TRY IT>
For the material below, set down exactly the lines between the one containing "And finally, you" and the last line, both included, leaving every picture out.

________________________________________

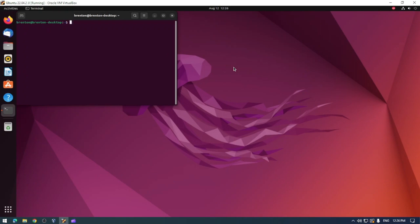Finally, you can do the whole process with a single line of code and that line of code is sudo apt-get update && sudo apt-get upgrade -y.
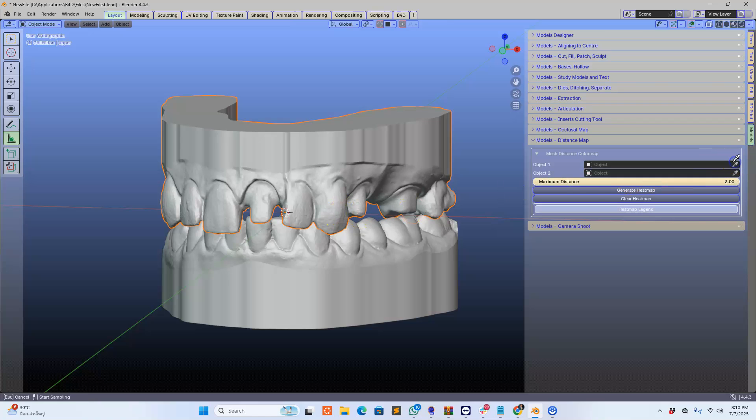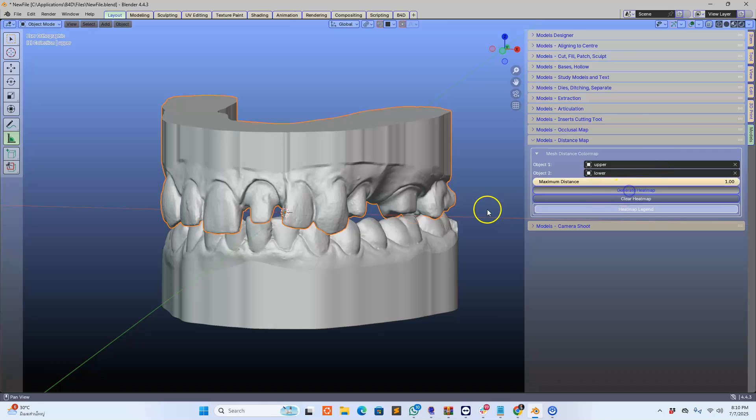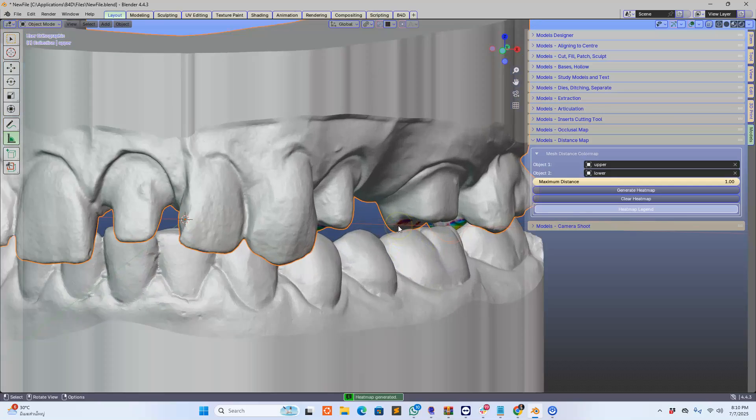Take the dropper and select your model, and this is the other model, select it. Then we're going to put maximum distance, say one millimeter, and generate the heat map.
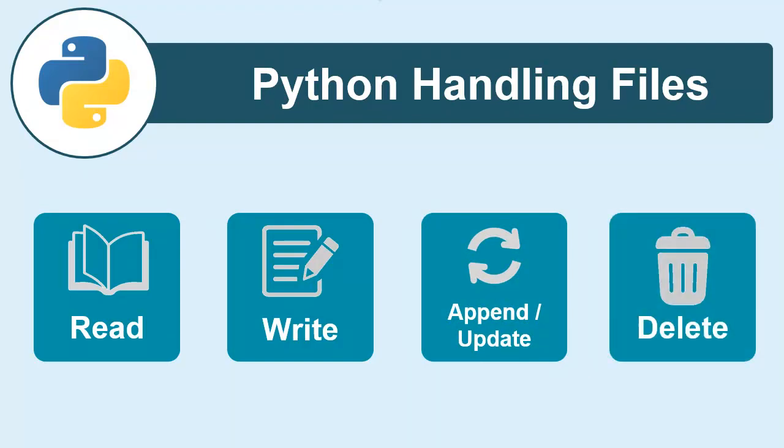And finally, you will be learning how to delete a file. These are four common functionalities or operations in any file handling.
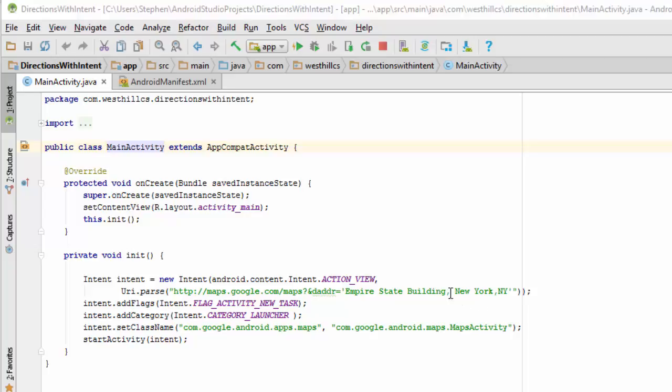So one of the things it does for example is it takes these blanks and replaces them with percent 20 which is the ASCII equivalent of a blank and does other kinds of modifications to this readable text string so that it will be more familiar to a parser.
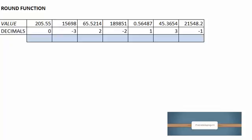Hi, in this training I'm going to show you how to use the round function. The round function rounds a number to a specified number of digits. In here we want to round the value to zero decimal places.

________________________________________

YOUR RESPONSE>
And finally, you will be learning how to delete a file. These are four common functionalities or operations in any file handling.
So one of the things it does for example is it takes these blanks and replaces them with percent 20 which is the ASCII equivalent of a blank and does other kinds of modifications to this readable text string so that it will be more familiar to a parser.
Hi, in this training I'm going to show you how to use the round function. The round function rounds a number to a specified number of digits. In here we want to round the value to zero decimal places.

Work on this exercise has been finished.